Dataset section:

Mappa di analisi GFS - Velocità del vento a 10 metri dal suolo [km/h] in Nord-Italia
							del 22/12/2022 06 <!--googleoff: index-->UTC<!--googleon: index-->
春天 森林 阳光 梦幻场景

Task item: Take the material above and transcribe all of it exactly.

Problem solution:
Mappa di analisi GFS - Velocità del vento a 10 metri dal suolo [km/h] in Nord-Italia
							del 22/12/2022 06 <!--googleoff: index-->UTC<!--googleon: index-->
春天 森林 阳光 梦幻场景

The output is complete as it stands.